> [Exercise objective]: Please restate each line of the data that follows word for word, skipping any image.

Exercise data START

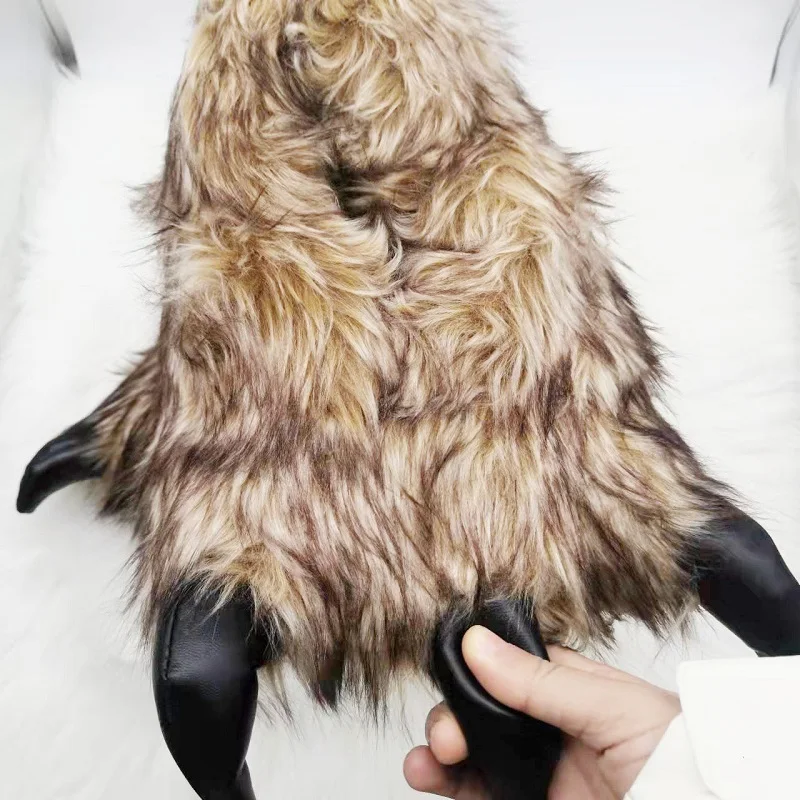 Шлепанцы с мультяшными животными для мужчин и женщин домашние пушистые тапочки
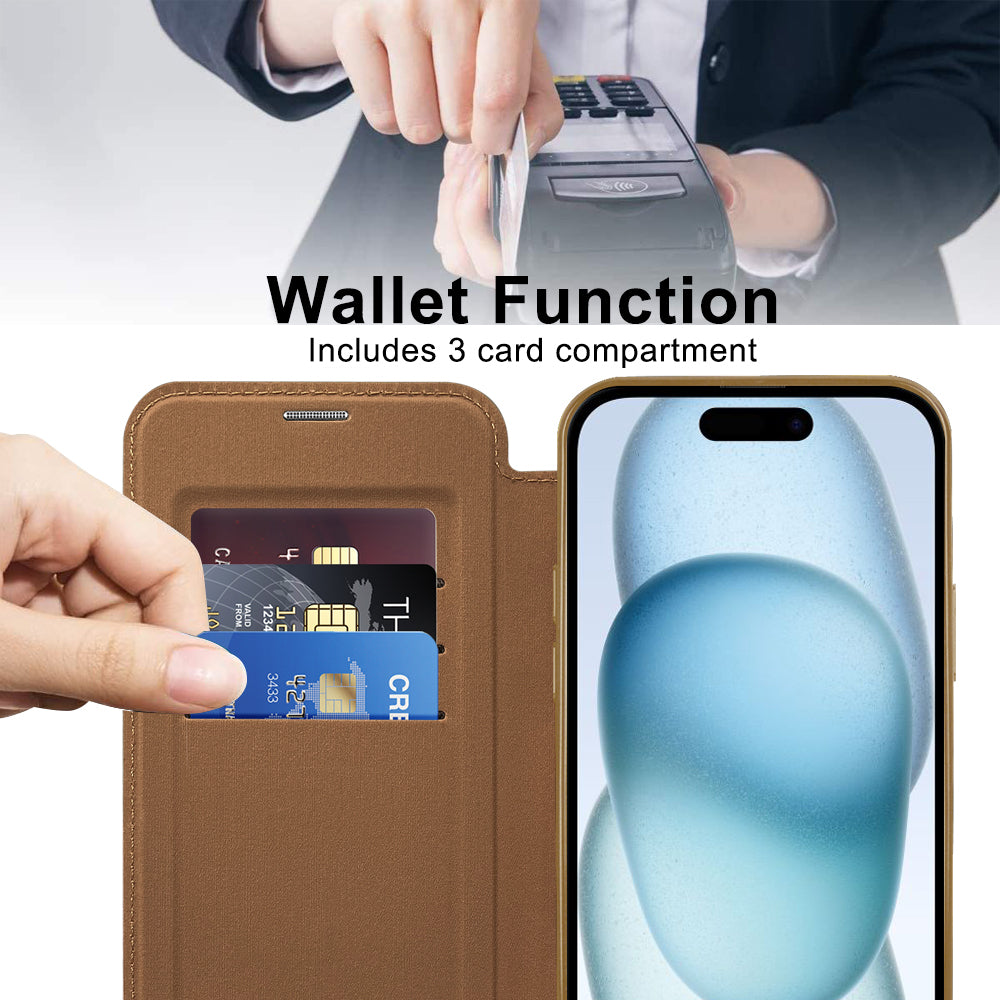 Husa de protectie Techsuit SmartMag Book compatibil cu iPhone 15, Maro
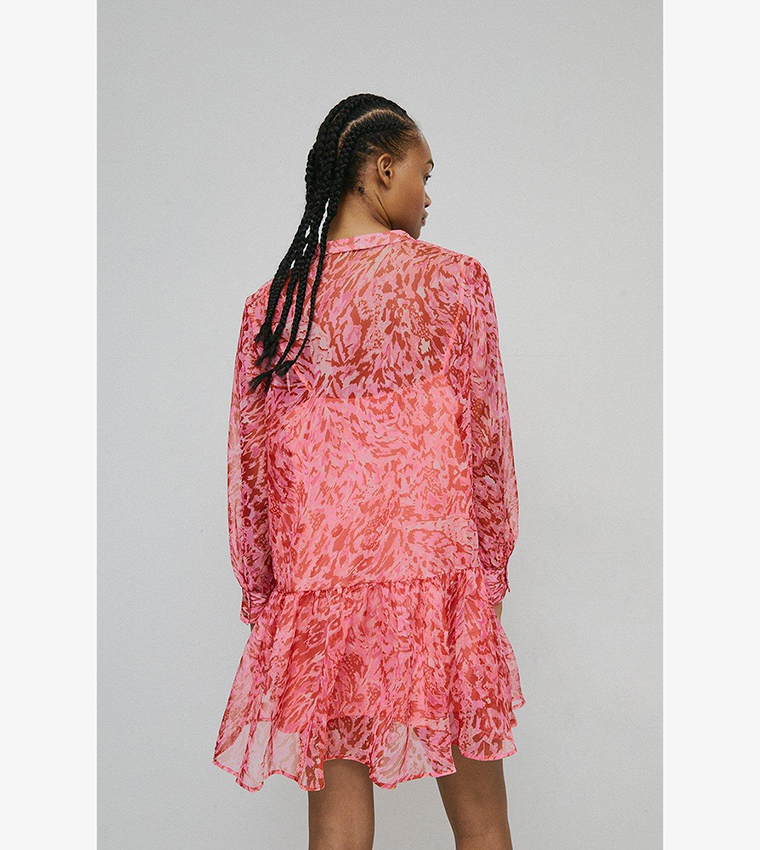 Buy Warehouse Shirt Tiered Mini Dress In Pink 6thStreet Kuwait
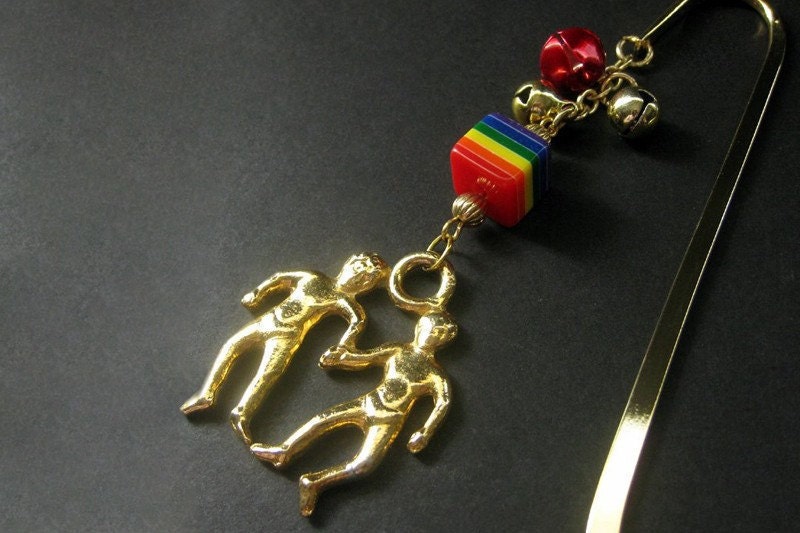 Beaded Rainbow Bookmark Charm - Brotherly Love Gay Pride Bookmark. Handmade.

Exercise data END

> [Task solution]:
 Шлепанцы с мультяшными животными для мужчин и женщин домашние пушистые тапочки
 Husa de protectie Techsuit SmartMag Book compatibil cu iPhone 15, Maro
 Buy Warehouse Shirt Tiered Mini Dress In Pink 6thStreet Kuwait
 Beaded Rainbow Bookmark Charm - Brotherly Love Gay Pride Bookmark. Handmade.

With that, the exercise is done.